Questo nuovo grande disegno politico richiede che si chiudano i vecchi favori tra Stato, Regioni ed Enti locali, ridisegnando per tutti i livelli istituzionali ruoli e competenze che permettano di rafforzare la capacità di indirizzo e di programmazione dei livelli centrali e regionali e di assegnare agli Enti locali più dirette responsabilità di gestione.
Insomma, un sistema multi livello per bilanciare poteri centrali e periferici, con ampi spazi di autonomia nell'applicazione delle direttive europee e delle leggi quadro statali, anche a tutela delle identità territoriali e comunitarie locali, che con la loro diversificazione concorrono alla ricchezza ed all'equilibrio complessivi. Poiché la politica ambientale è in continua espansione, essa non può che sposare le ragioni di un assetto istituzionale cooperativo, cioè poteri normativi condivisi dello Stato e delle Regioni in materia di difesa dell'ambiente che consentono ampia libertà delle Regioni di scegliere strategie, strumenti e priorità nell'ambito delle leggi quadro statali.
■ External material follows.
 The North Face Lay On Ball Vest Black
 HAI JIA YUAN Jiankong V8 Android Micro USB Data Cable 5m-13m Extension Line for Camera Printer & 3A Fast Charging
Quindi, anche i Parchi, in attuazione della legge quadro, devono diventare strutture specializzate di gestione del territorio a cui vengono demandati compiti che né i Comuni, né le Comunità Montane, né le Province sono in grado di effettuare. Agenzie specializzate, insomma, di valorizzazione e tutela del territorio; crediamo che il Parco Nazionale delle Foreste Casentinesi, pur tra mille difficoltà, ci stia riuscendo, soprattutto grazie alla dialettica con le Comunità locali.
Il recente processo di riforma della pubblica amministrazione avviato con le leggi Bassanini, ha il merito di avere rimesso a fuoco anche il tema delle aree protette. Ce n'era bisogno perché alla notevole crescita dei Parchi e delle superfici protette non ha finora corrisposto una analoga crescita della capacità di mettere a frutto tutte le potenzialità del sistema.
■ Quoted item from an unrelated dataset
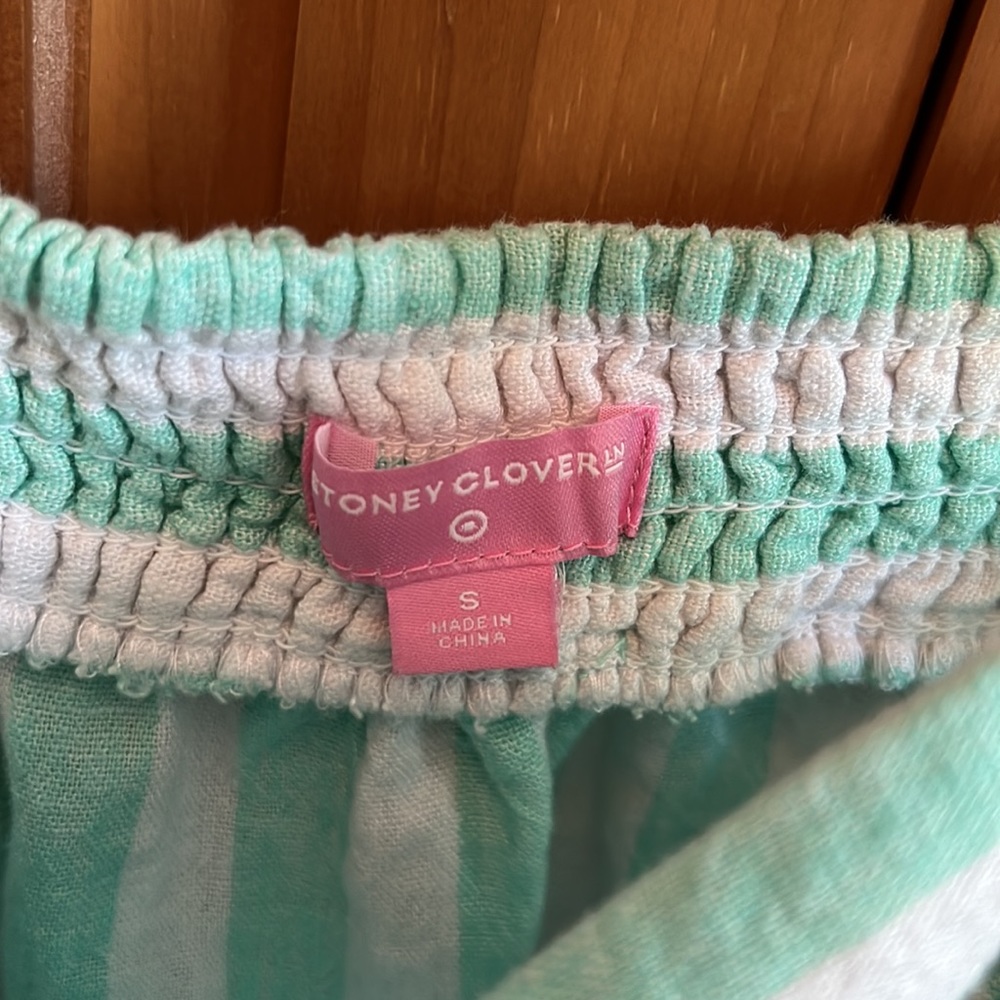 Stoney Clover x Target cropped tank top - Picture 2 of 3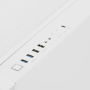 Корпус Zalman Z9 Iceberg (Z9 Iceberg White) белый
E finora, malgrado gli innegabili passi in avanti nella messa a punto quanto meno di una "agenda" dei problemi, le cose non vanno come dovrebbero e non si capisce ancora cosa il governo intenda fare.
Ora che, alla luce delle leggi Bassanini, il cui senso profondo sta proprio nella grande ambizione di rinnovare l'insieme delle strutture ministeriali e delle amministrazioni territoriali, risulta chiarissimo che il compito dello Stato non è la gestione centralizzata tanto cara ad alcuni uffici ministeriali. Il ruolo a cui è chiamato il Ministero dell'Ambiente è quello di promozione e stimolo, dell'azione delle Regioni e degli Enti Locali che non possono più limitarsi ad aspettare e devono diventare gli attori protagonisti della politica ambientale.
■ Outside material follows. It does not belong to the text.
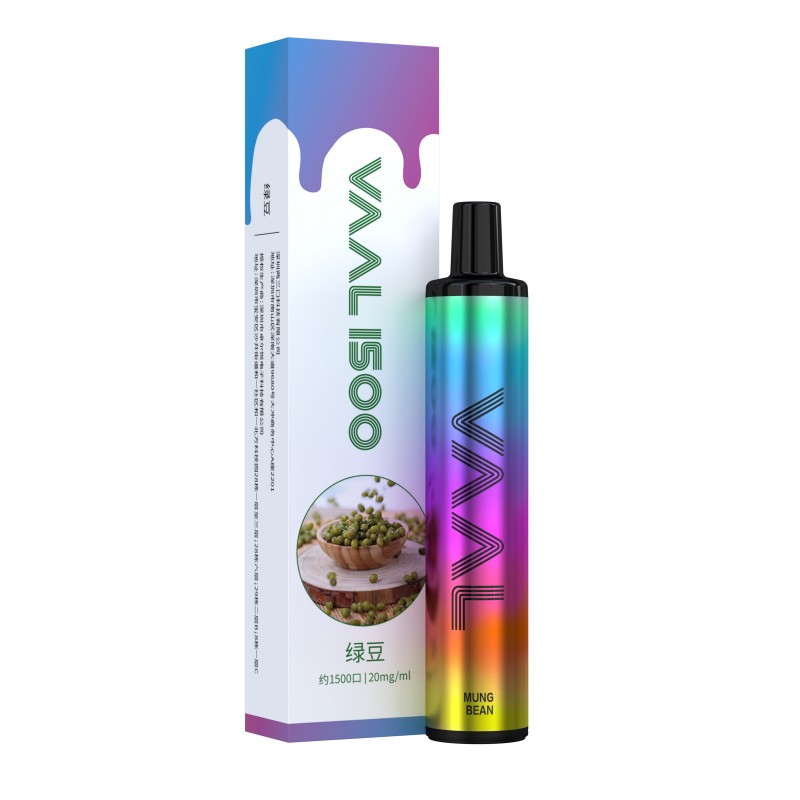 VAAL 1500 Disposable Pod Kit 1500 Puffs 950mAh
Appare quindi evidente che si aprono nuove prospettive anche in materia di aree protette, con riferimento alla massiccia opera di decentramento e trasferimento di compiti e funzioni, sia da parte dello Stato che da parte delle Regioni, a favore di Province, Comuni e altri Enti locali.
In conclusione, è possibile affermare che il Parco Nazionale delle Foreste Casentinesi, non è nato soltanto per proteggere la bellissima foresta e gli animali che la popolano, ma vede tra i suoi compiti anche quelli relativi alla valorizzazione culturale del territorio e alla promozione dell'economia locale attraverso lo stimolo di quelle attività umane compatibili con lo sviluppo del Parco, come il lavoro forestale, l'artigianato, l'agricoltura, il turismo.
Le modalità con cui il Parco delle Foreste Casentinesi sta assolvendo alle sue funzioni, mescolando ambiente, storia, economia e cultura che lo rendono un esempio importante, forse un modello, nel panorama dei Parchi Nazionali italiani.